A November vote on a constitutional amendment in Kentucky that would permanently close the door to any state court judge to style an implicit right to abortion from the State Constitution, including issues related to the life of the mother, has drawn the attention of Michael Muller, who will spend the rest of the year in Kentucky running the campaign to defeat the referendum.
One of New Jersey’s top political strategists, Muller has spent nearly 20 years running the Democratic Assembly Campaign Committee. But with the Kentucky vote emerging as one of the nation’s premier front line political fights following a U.S. Supreme Court decision that overturned Roe v. Wade, Muller has decided to trade a blue state for a red state this year.
Muller is the campaign manager for Protect Kentucky Access, a coalition of non-profit groups, including Planned Parenthood and the American Civil Liberties Union, that is opposing the Kentucky No Right to Abortion in Constitution amendment.
Advocates of the ballot initiative say that passage would prevent a local court from finding a way to permit abortion in Kentucky.
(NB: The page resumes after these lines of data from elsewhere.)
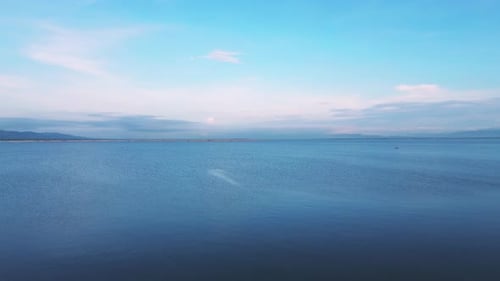 Calm lakescape Under Blue Sky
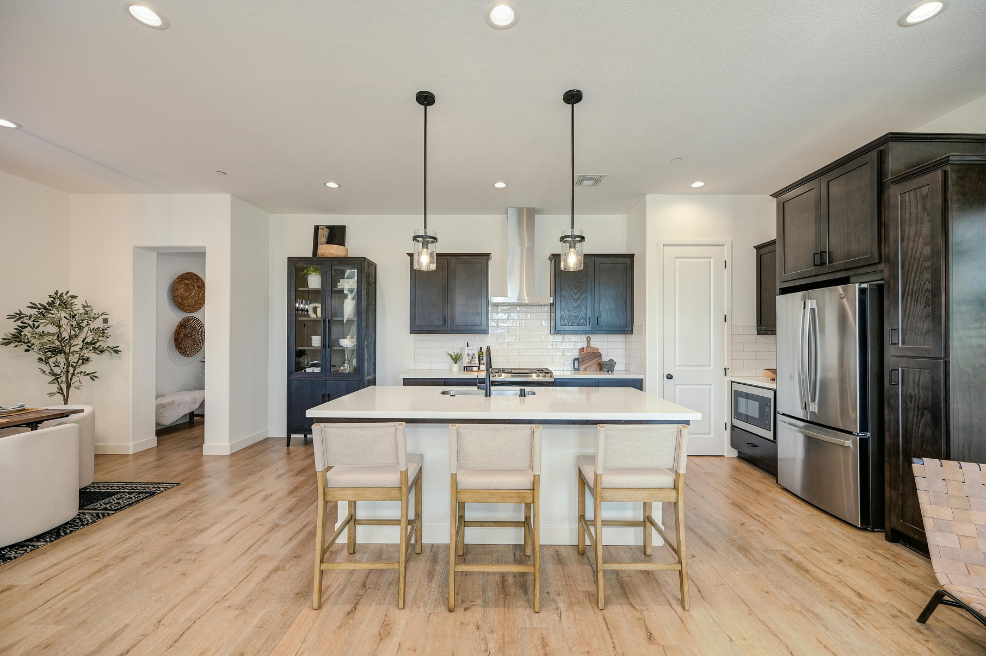 Modern kitchen featuring an island, dark cabinetry, and stylish pendant lighting.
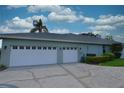 Three-car garage and side view of the house with blue skies at 943 Hamilton Place Ln, Lakeland, FL 33813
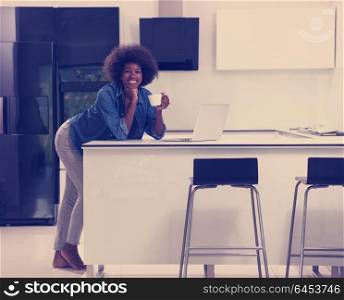 Young smiling black woman using computer and drinking coffee in modern kitchen interior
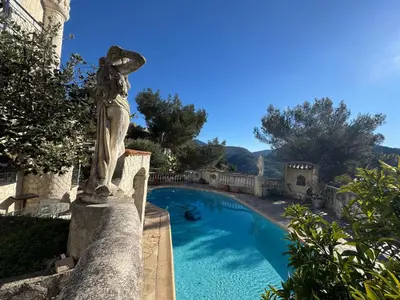 a bedroom with a white bed in a room at Studio climatisé et sa terrasse privée en villa in La Trinité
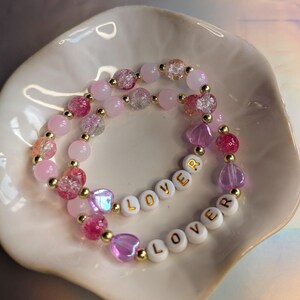 May include: Two beaded bracelets with pink, clear, and gold beads. One bracelet spells "LOVER" with white letter beads. The bracelets are displayed in a white, scalloped dish. The beads are various shapes and sizes.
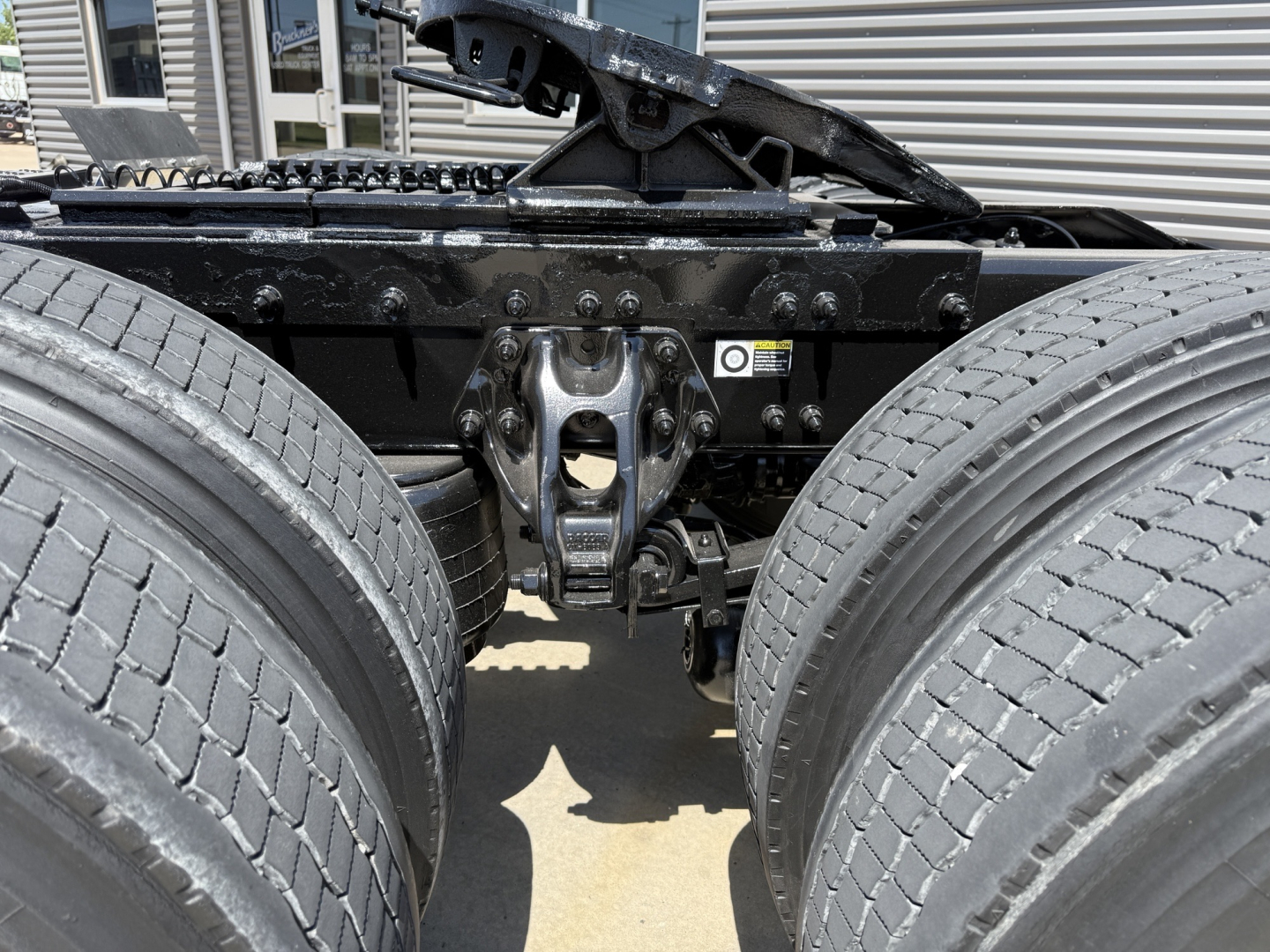 Peterbilt 579 truck chassis showing rear axle suspension and undercarriage, dual rear wheels, frame rails, and mounting hardware.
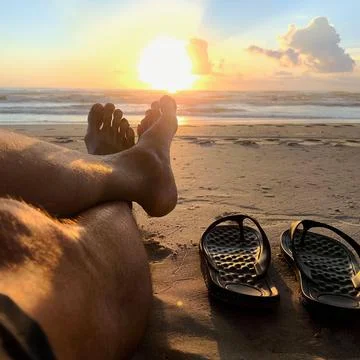 Relaxing sunset on the beach Stock Photos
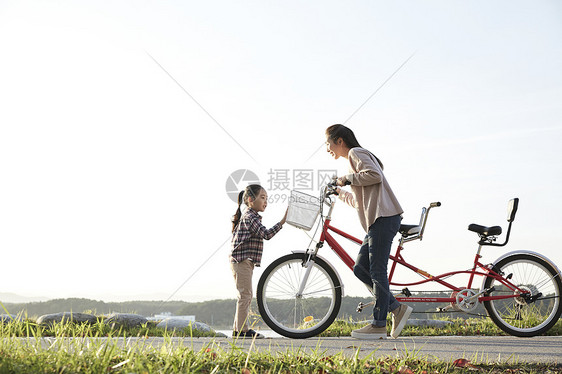 母亲带着女儿骑公园自行车游玩图片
Passage of the amendment would ensure that “there will be no Roe vs. Wade decision in Kentucky,” according to one of the sponsors of the bill, State Rep. Joseph Fischer.
The question reads: To protect human life, nothing in this Constitution shall be construed to secure or protect a right to abortion or require the funding of abortion?”
Kentucky is one of thirteen states with a trigger law that banned abortion upon the release of the Supreme Court decision.
Muller was the New Jersey state director of Hillary Clinton’s 2008 presidential campaign and for Michael Bloomberg’s 2020 campaign. He is also the Mount Laurel Democratic Municipal Chairman.
The Democratic governor of Kentucky, Andy Beshear, supports abortion rights, but Republicans have a supermajority in both houses of the legislature and voted to override Beshear’s veto of the referendum proposal.
Three states – Kentucky, Louisiana and Mississippi – have gubernatorial elections next year. The re-election of Beshear will be the top priority of New Jersey Gov. Phil Murphy, who is set to assume the chairmanship of the Democratic Governors Association next year.